DEV Community

Discussion on: Generating unique IDs in a Large scale Distributed environment

Collapse
 
golfman484 profile image
Driving change • Edited

Great article! I used a similar time based + sequence ID generator to create "unique" class IDs in a visual class editor many years back.

Just one point I would like to make: It would seem that if you ran this on many nodes and requested lots of IDs that it is likely that duplicate IDs will be generated because of the way the node ID is derived from the MAC in the createNodeId() method.
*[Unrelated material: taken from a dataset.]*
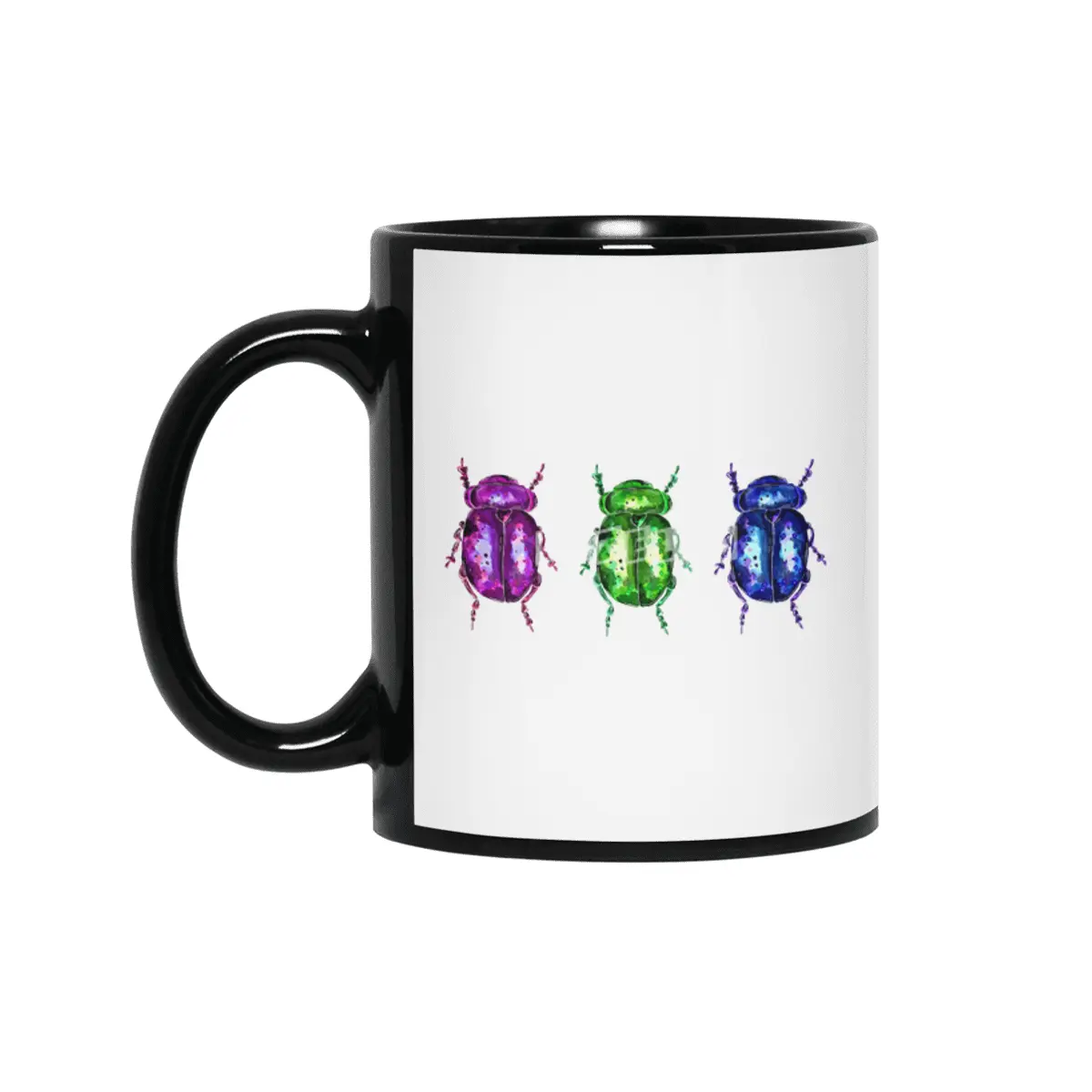 3 Colorful Bugs Siyah Kupa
While every MAC should be unique, by taking only the 5 least significant bits of the MAC means that you're only using 5 bits of the last byte of the MAC. The probability that two MAC addresses will have the same last byte is 1 in 256. The chance that they will have the same 5 least significant bits is 1 in 160 (5/8 * 256). If only winning the lottery had odds as good as that!
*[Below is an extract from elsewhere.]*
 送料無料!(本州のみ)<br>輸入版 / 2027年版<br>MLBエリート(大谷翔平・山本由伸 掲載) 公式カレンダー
Let's say you decided to have 32 nodes then the chances of any two nodes ending up with the same node ID becomes 1 in 5!!! (160/32) - now that's the lottery I want to buy a ticket in! :)
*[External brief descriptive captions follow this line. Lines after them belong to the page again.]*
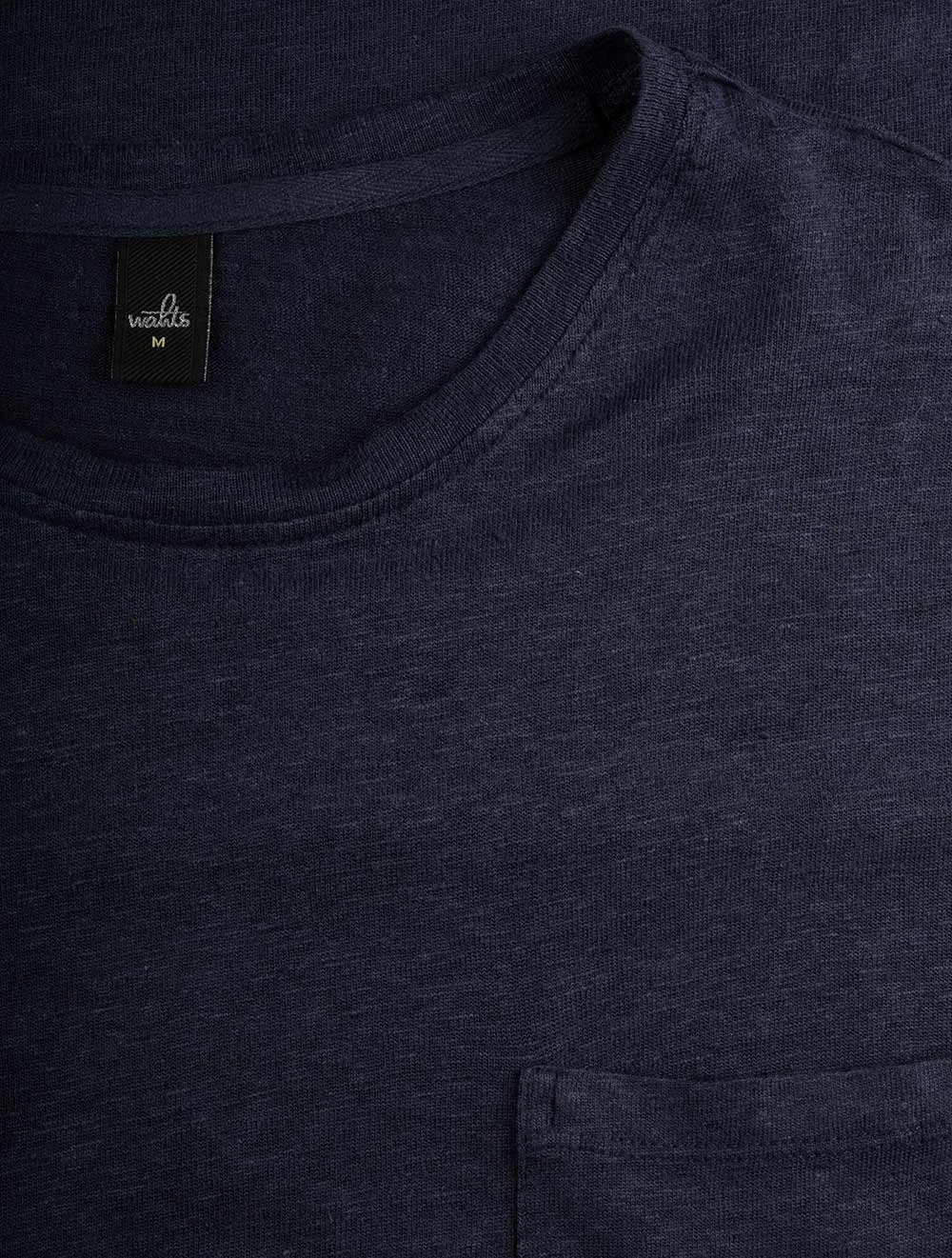 Leinen-T-Shirt mit Tasche Marineblau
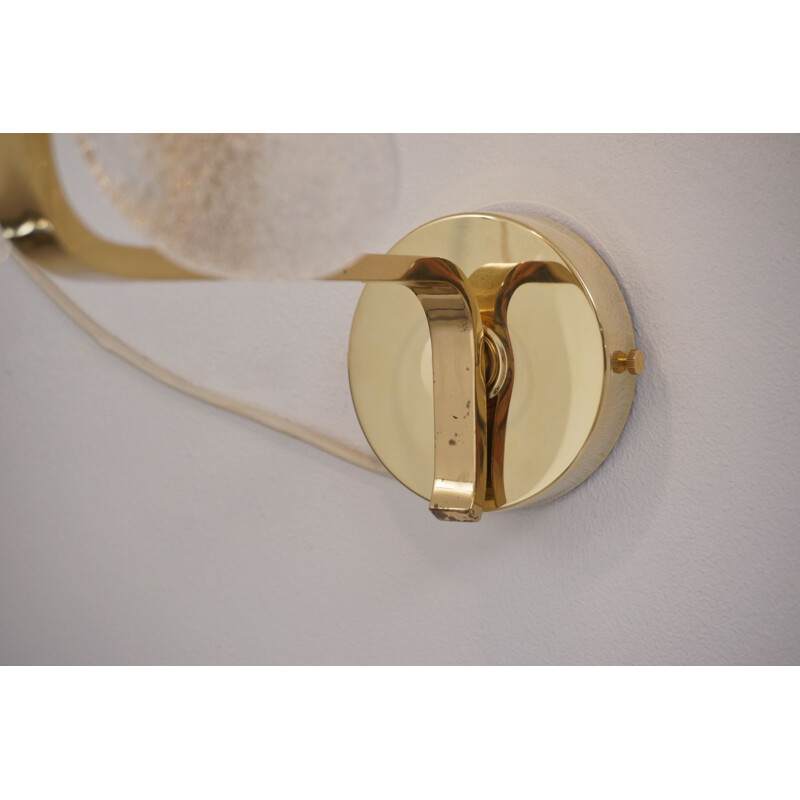 Pair of vintage Orrefors wall lights Carl Fagerlund, glass & brass Sweden 1960s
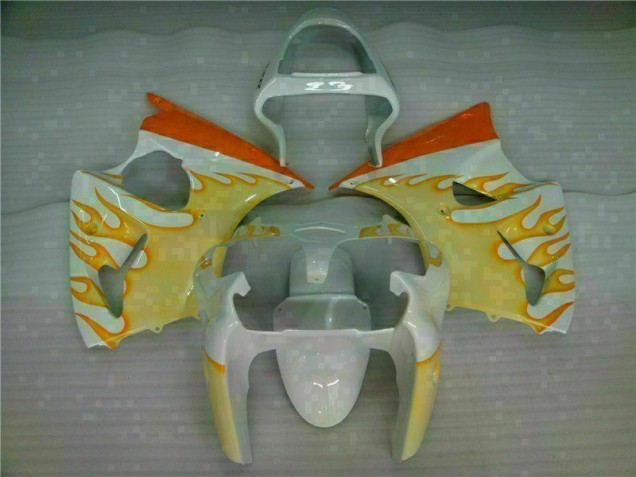 Discount 2000-2002 White Yellow Flame Kawasaki ZX6R Bike Fairings Canada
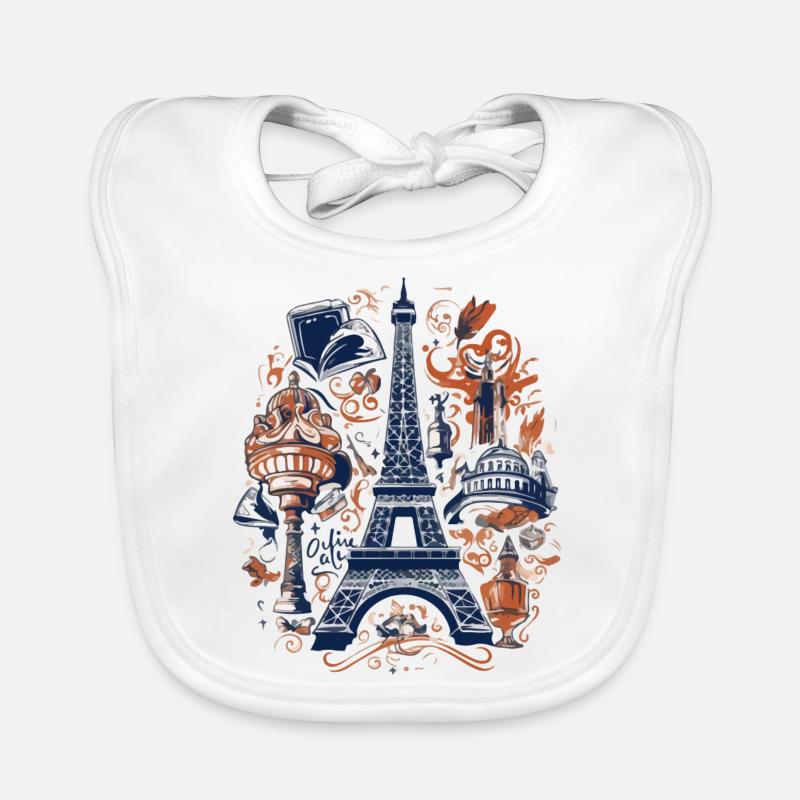 Paris and its monuments Organic Baby Bibs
In this case it may be safer to manually (or otherwise) allocate a specific, unique node ID to each node via some configuration mechanism to ensure that no two nodes end up with the same node ID - and then the chance of two different nodes generating the same ID goes to zero in a million bazillion :)

I picked 32 nodes in the example above because that is the maximum possible nodes you can have with a 5 bit node ID (2 ^ 32) - if each node is allocated its own unique dedicated ID then all 32 nodes will generate unique IDs which may not happen if auto allocating node IDs based on the MAC via createNodeId().